TASK DESCRIPTION:
Give the records again in full, exactly as they appear.
** PROVIDED DATA follows **
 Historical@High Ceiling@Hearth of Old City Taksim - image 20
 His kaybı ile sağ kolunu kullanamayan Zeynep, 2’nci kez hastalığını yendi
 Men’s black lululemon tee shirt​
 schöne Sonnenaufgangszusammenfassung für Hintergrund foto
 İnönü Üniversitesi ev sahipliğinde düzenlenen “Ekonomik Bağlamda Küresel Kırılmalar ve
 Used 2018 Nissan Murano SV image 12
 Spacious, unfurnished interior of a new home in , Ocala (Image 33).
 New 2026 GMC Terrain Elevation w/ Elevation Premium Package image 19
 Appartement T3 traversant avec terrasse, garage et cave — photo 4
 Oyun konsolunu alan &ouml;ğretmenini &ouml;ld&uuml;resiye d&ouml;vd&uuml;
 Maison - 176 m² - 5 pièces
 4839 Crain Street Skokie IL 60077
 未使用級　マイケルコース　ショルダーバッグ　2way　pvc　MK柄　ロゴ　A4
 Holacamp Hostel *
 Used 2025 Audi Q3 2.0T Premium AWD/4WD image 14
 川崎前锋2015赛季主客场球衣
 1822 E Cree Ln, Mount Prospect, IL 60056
** End of PROVIDED DATA **
WRITTEN REPLY:
 Historical@High Ceiling@Hearth of Old City Taksim - image 20
 His kaybı ile sağ kolunu kullanamayan Zeynep, 2’nci kez hastalığını yendi
 Men’s black lululemon tee shirt​
 schöne Sonnenaufgangszusammenfassung für Hintergrund foto
 İnönü Üniversitesi ev sahipliğinde düzenlenen “Ekonomik Bağlamda Küresel Kırılmalar ve
 Used 2018 Nissan Murano SV image 12
 Spacious, unfurnished interior of a new home in , Ocala (Image 33).
 New 2026 GMC Terrain Elevation w/ Elevation Premium Package image 19
 Appartement T3 traversant avec terrasse, garage et cave — photo 4
 Oyun konsolunu alan &ouml;ğretmenini &ouml;ld&uuml;resiye d&ouml;vd&uuml;
 Maison - 176 m² - 5 pièces
 4839 Crain Street Skokie IL 60077
 未使用級　マイケルコース　ショルダーバッグ　2way　pvc　MK柄　ロゴ　A4
 Holacamp Hostel *
 Used 2025 Audi Q3 2.0T Premium AWD/4WD image 14
 川崎前锋2015赛季主客场球衣
 1822 E Cree Ln, Mount Prospect, IL 60056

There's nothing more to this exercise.